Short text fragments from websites

──────────

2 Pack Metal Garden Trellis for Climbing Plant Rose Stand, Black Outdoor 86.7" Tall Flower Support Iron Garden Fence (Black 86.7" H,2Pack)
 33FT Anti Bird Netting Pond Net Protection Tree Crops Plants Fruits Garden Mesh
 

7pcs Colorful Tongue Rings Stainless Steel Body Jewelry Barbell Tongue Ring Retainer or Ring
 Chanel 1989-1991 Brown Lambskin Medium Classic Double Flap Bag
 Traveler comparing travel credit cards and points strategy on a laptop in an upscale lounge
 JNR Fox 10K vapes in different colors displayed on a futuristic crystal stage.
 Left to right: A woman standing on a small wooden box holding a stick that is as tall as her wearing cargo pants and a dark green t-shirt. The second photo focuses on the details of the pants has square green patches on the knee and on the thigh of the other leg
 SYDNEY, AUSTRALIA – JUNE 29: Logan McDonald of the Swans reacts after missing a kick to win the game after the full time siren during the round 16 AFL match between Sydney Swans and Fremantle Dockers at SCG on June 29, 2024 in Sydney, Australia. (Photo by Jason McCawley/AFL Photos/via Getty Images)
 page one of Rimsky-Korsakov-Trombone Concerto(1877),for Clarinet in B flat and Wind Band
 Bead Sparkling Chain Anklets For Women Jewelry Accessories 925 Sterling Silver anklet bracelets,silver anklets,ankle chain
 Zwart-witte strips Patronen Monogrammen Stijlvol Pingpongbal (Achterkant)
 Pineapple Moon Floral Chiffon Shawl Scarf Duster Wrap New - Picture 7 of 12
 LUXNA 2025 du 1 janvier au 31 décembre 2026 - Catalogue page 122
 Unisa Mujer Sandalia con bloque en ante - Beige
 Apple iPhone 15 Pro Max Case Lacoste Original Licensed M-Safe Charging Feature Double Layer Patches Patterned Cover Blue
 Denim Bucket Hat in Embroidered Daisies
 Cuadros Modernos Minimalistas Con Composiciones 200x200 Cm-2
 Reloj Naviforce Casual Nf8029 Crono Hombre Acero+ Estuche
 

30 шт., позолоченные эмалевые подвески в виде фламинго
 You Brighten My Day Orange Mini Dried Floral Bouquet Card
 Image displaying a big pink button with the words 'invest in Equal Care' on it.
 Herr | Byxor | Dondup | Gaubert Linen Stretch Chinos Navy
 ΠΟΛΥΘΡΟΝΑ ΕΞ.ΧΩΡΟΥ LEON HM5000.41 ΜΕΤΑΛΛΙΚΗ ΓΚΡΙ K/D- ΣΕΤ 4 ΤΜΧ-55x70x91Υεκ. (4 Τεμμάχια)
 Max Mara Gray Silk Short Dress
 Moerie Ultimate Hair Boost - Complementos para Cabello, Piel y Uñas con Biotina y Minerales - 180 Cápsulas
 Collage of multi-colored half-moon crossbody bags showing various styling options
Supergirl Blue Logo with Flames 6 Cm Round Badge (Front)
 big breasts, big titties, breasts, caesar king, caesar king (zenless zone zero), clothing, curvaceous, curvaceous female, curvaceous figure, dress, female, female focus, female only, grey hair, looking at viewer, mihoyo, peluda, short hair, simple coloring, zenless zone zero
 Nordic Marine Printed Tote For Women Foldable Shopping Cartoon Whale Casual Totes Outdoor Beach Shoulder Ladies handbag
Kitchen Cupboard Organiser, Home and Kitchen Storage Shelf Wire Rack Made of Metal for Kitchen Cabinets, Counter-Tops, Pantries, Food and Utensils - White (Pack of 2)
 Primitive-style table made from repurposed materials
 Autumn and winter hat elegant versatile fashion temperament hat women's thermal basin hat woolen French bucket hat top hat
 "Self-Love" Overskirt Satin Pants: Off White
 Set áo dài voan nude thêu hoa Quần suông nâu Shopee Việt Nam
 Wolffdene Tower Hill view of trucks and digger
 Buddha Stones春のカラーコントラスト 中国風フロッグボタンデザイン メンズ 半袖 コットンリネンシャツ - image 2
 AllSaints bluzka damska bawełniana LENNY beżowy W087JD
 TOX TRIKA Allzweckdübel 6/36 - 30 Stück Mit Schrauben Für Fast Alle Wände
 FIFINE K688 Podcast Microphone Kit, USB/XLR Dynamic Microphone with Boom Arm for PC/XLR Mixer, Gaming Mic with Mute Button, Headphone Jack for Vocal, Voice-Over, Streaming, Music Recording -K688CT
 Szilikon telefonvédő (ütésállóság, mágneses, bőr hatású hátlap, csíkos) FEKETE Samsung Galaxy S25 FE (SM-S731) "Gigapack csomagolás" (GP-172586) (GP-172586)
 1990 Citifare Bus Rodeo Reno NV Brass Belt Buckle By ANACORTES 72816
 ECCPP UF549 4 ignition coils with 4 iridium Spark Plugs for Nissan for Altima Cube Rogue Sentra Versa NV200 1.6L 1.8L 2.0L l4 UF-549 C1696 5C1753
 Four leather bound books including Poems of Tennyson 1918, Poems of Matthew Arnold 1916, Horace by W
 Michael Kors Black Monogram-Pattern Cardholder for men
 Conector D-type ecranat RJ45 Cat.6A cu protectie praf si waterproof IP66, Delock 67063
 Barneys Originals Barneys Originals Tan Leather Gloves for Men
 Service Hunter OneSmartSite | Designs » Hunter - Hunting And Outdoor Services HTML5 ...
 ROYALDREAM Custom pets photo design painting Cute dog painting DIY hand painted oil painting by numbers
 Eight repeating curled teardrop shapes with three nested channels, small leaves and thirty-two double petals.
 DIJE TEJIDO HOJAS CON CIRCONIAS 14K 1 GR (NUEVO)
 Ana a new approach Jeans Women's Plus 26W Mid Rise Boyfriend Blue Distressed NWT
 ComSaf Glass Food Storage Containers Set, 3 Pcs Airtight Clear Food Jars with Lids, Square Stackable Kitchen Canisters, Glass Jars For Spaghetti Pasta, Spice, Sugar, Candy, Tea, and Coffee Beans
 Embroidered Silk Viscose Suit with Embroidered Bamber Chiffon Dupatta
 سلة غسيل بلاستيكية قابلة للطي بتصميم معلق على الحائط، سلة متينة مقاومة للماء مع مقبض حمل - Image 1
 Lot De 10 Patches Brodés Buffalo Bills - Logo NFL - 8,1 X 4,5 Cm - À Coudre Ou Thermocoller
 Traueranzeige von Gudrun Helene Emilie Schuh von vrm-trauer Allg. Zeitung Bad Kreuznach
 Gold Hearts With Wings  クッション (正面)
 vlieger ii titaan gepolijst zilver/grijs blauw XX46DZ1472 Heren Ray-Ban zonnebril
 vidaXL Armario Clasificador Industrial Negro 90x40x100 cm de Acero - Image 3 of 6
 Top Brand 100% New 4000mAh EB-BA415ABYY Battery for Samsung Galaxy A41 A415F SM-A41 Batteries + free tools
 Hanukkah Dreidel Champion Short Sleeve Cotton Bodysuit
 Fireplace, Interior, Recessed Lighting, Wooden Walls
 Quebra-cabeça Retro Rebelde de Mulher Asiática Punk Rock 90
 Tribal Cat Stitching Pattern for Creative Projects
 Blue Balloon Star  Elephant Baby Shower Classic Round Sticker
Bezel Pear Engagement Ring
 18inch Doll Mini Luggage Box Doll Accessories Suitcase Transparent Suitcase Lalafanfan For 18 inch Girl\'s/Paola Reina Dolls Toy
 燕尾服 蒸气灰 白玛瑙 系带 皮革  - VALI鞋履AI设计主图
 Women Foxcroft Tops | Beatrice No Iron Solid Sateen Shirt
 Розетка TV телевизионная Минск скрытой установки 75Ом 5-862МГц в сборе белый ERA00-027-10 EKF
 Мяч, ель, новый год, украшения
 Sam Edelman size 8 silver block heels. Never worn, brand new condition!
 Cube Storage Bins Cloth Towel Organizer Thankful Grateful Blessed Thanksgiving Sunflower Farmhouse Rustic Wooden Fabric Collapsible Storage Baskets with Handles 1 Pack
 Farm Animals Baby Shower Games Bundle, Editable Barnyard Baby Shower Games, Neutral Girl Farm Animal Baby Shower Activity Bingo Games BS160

──────────

Exercise
Using the data above, reproduce exactly the lines between those holding "Left to right: A" and "page one of", inclusive, and no others.

Your solution
 Left to right: A woman standing on a small wooden box holding a stick that is as tall as her wearing cargo pants and a dark green t-shirt. The second photo focuses on the details of the pants has square green patches on the knee and on the thigh of the other leg
 SYDNEY, AUSTRALIA – JUNE 29: Logan McDonald of the Swans reacts after missing a kick to win the game after the full time siren during the round 16 AFL match between Sydney Swans and Fremantle Dockers at SCG on June 29, 2024 in Sydney, Australia. (Photo by Jason McCawley/AFL Photos/via Getty Images)
 page one of Rimsky-Korsakov-Trombone Concerto(1877),for Clarinet in B flat and Wind Band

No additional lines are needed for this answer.